Employ Mobile and Social BPM in Customer Service Strategies to Increase Engagement
Discussions around customer service strategies have shifted from “customer management” to “customer engagement.” A recent piece in InformationWeek on “Seven Ways IT Can Improve Customer Service” highlights this shift. The article, by Forrester Research senior analyst Kate Leggett, pays a lot of attention to process improvement and process consistency. Kate is a leading expert on customer service strategies, and a member of Forrester’s Business Process team, so this comes as no surprise. What is a little surprising is that she didn’t call out Mobile BPM and Social BPM more directly in her analysis. These components of Appian’s BPM software are playing a huge roll in the strategies our customers are rolling out to engage with their customers.
In the article, Kate talks about the importance of knowing your customer, knowing how they like to communicate, and providing a consistent experience across all possible channels. BPM software’s value in stitching together disparate enterprise silos is well established, but Social BPM extends that value to the new world of social media. One powerful aspect of the Appian Tempo social interface is that is can incorporate social channels like Twitter into a business event feed. This gives companies an easy way to know when its customers are talking about the company – and that knowledge can be fed directly into process so that appropriate action can be taken in real-time. With peer-to-peer social dialogue on the rise, corporate marketing is no longer the generator and controller of the message.

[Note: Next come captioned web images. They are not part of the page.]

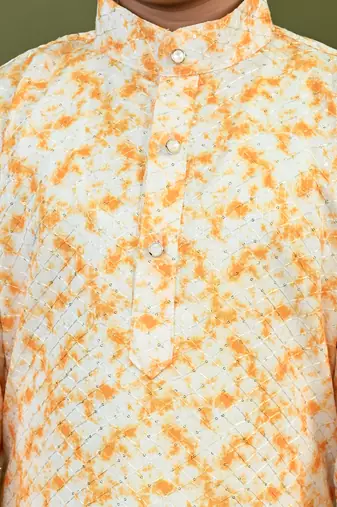 Boys cotton tie & dye printed sequin grid embroidered kurta & pyjama set - gold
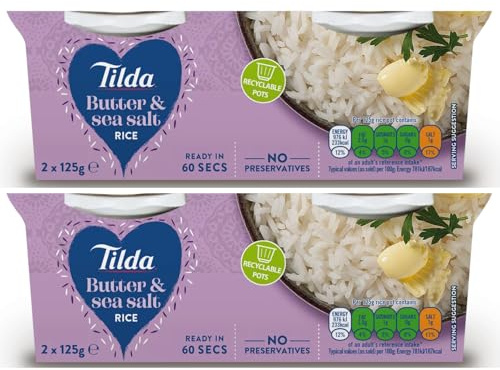 Tilda Butter & Sea Salt Rice 4 x 125g – 2 Boxes Microwave Basmati Rice – Flavoured Ready to Heat Rice – Includes Gifty Goodness Shopping List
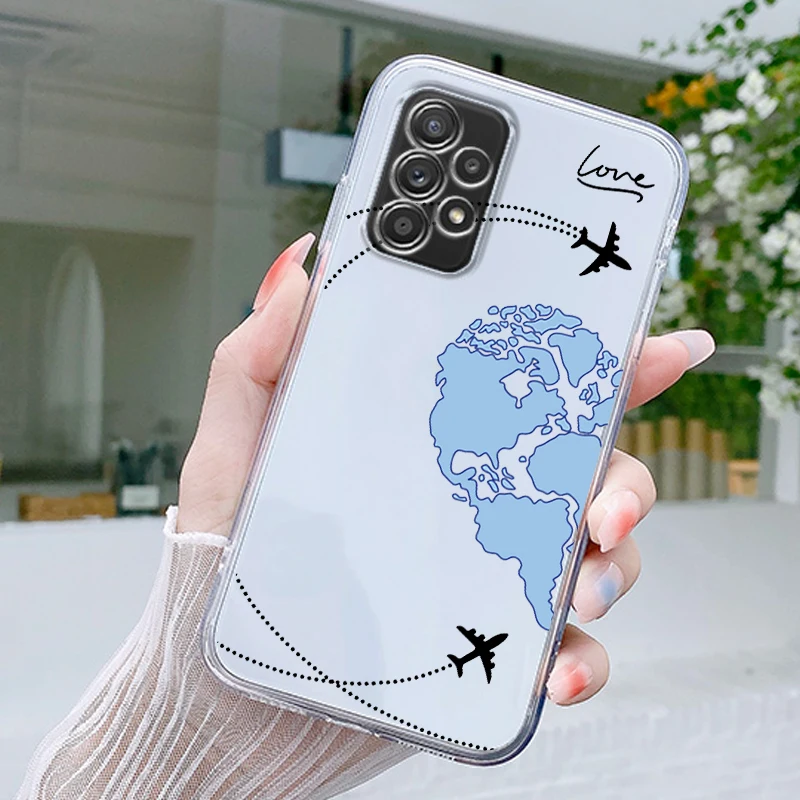 Planes World Map Travel Love Heart Phone Case Cover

What matters now is knowing what conversations are happening, and having the business agility to participate.
Social BPM is more than just “social” because in addition to enabling direct customer conversations and collaborations – which any social enterprise platform can do – it also provides the means to track those interactions, keep them as an audit trail in the customer case, and learn from them to improve the product and service experience.

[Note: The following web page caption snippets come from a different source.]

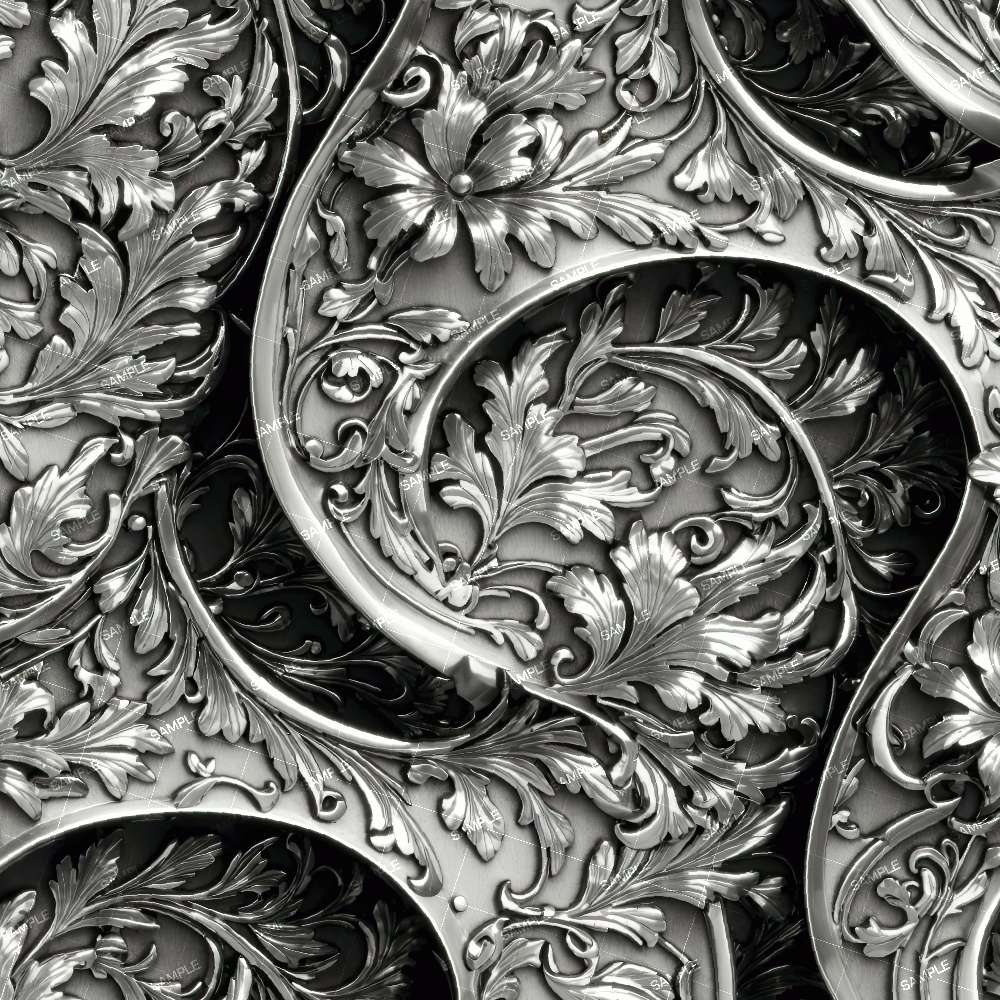 Western Style Acanthus Silver Engraving 45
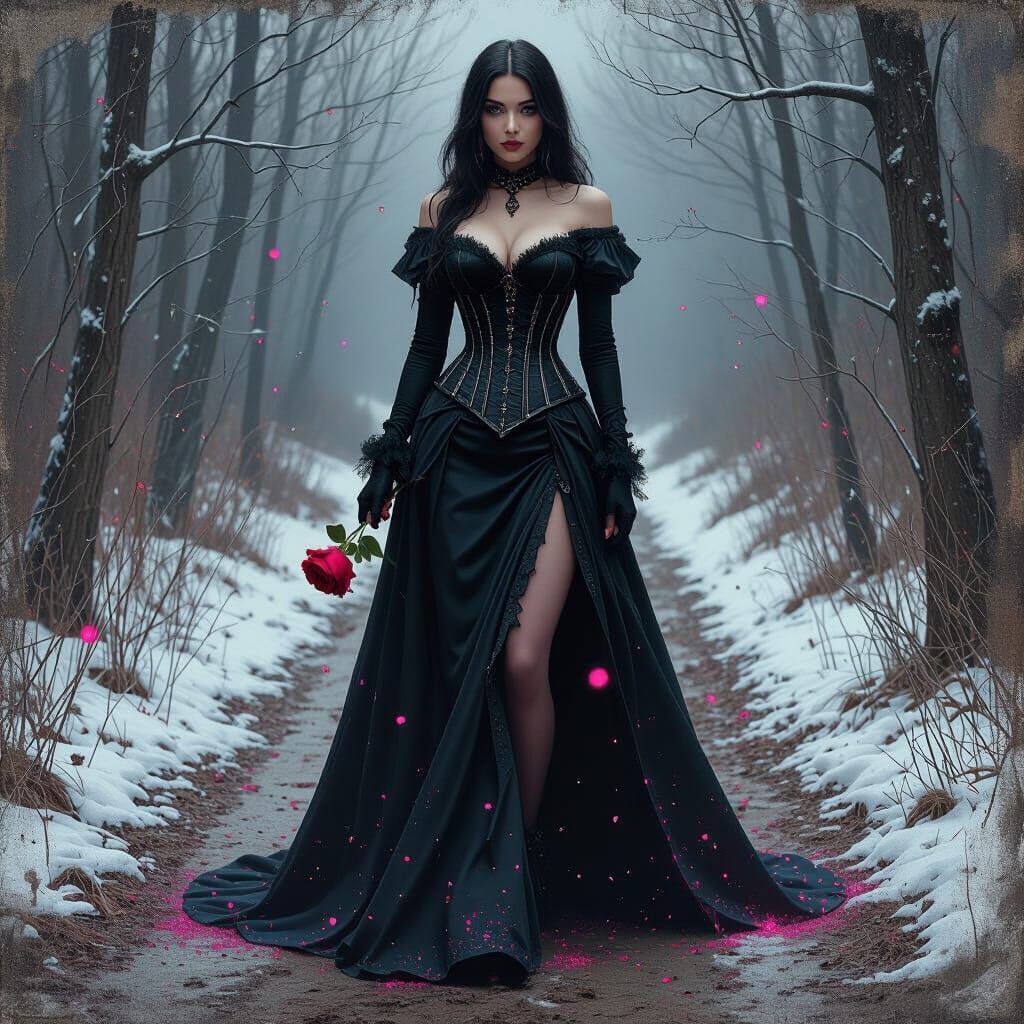 Gothic Woman with Rose in Decaying Antique Style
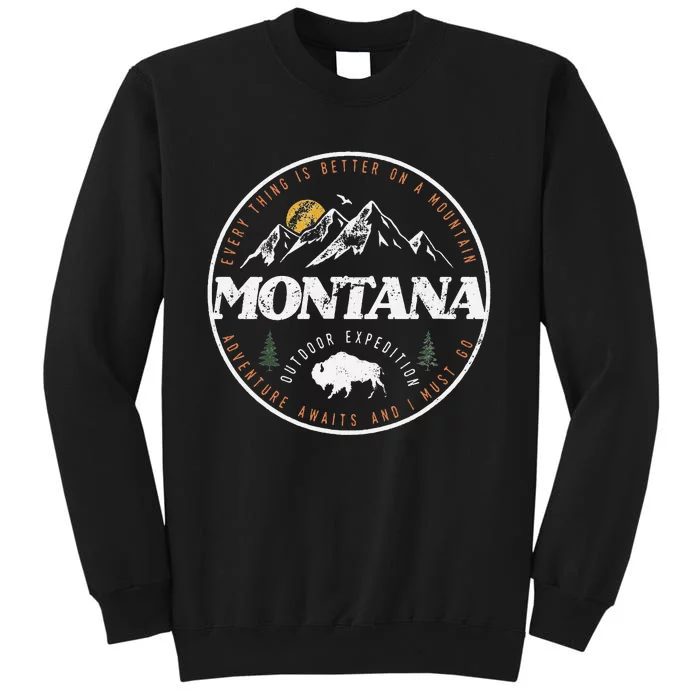 Montana Retro Vintage Mountain Outdoors State Graphic Tall Sweatshirt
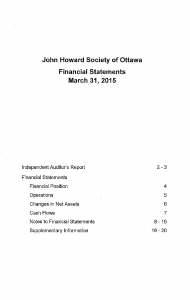 cover of JHS ottawa 2015 financial statements
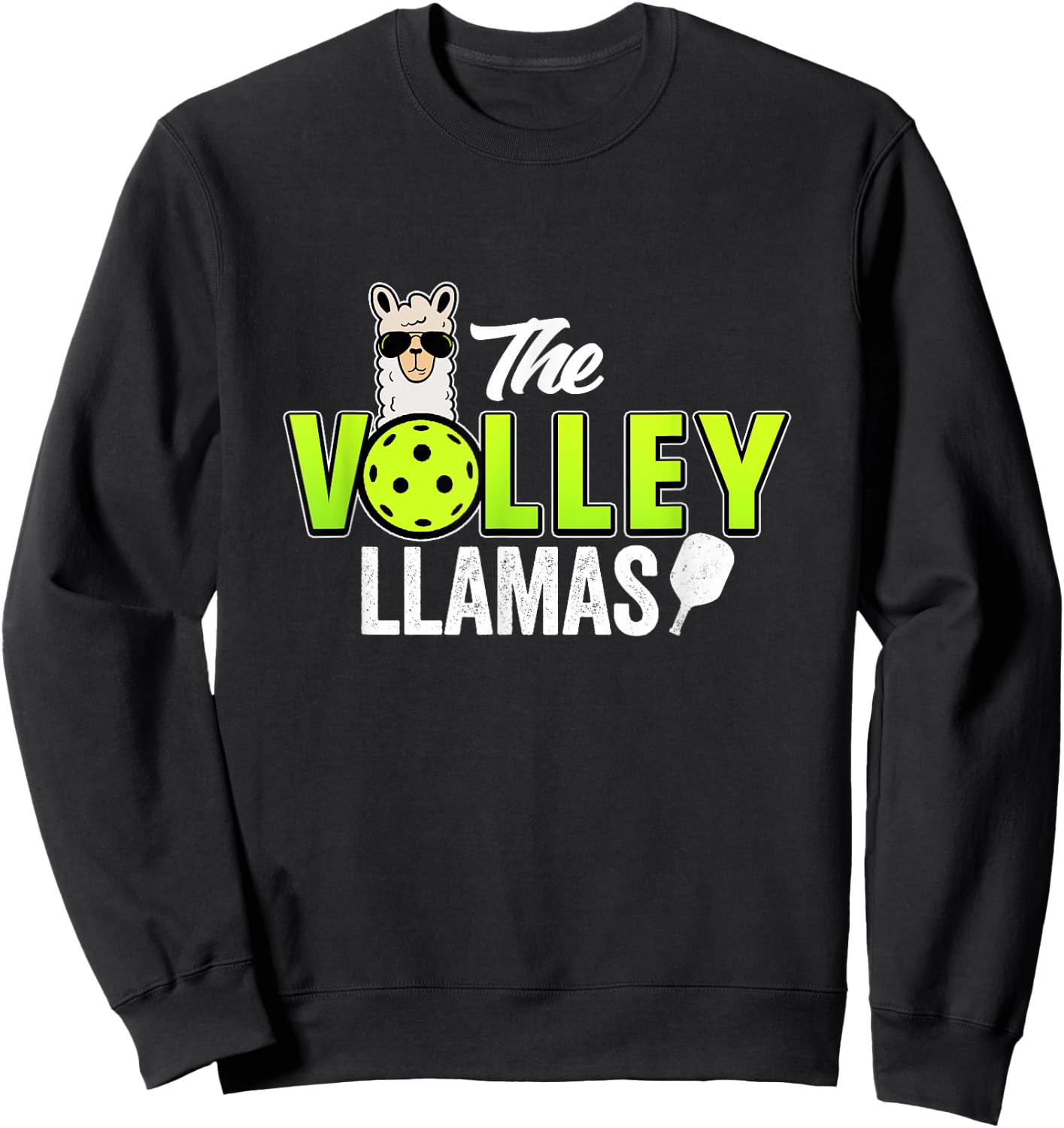 The Volley LLamas comic style llama pickle ball team Sweatshirt - Sweatshirt | Black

Disintermediation of the message is only one part of the equation. There’s also the proliferation of media platforms. As Kate points out, “Your service experience should let customers start an interaction over one communication channel and complete it over another. To make this happen, CIOs must ensure that channels are not implemented in silos, but are integrated so that agents have a full view of all customer interactions.” We’re past phone and email. Consumers are increasingly using new channels – particularly mobile platforms. This is where Mobile BPM becomes vital to an integrated strategy. By providing a native mobile app to consumers that is tied to enterprise process – the same processes running the call centers and web service platforms – consistent cross-platform service becomes a reality, not a pipe dream.
This holistic process and data exposure is equally key to another of Kate’s main points: making sure service reps are armed with the data they need to deliver a stellar customer experience. “Customer service systems must be more than just the front end of a database of customer information and cases,” she says. “They should also be integrated with back office applications so that agents can retrieve real-time answers to questions such as ‘when did my order ship?'”
This is where real-time data access within mobile and social process is crucial. And not just for reps in the call center. Field service personnel need it. The field sales force needs it. Any employee who comes into contact with a customer needs it.
Mobile and Social BPM are integral to the customer service strategies of the future. They are lynchpins in moving from a “system of record” mentality to a “system of engagement” mindset that will exceed customer expectations.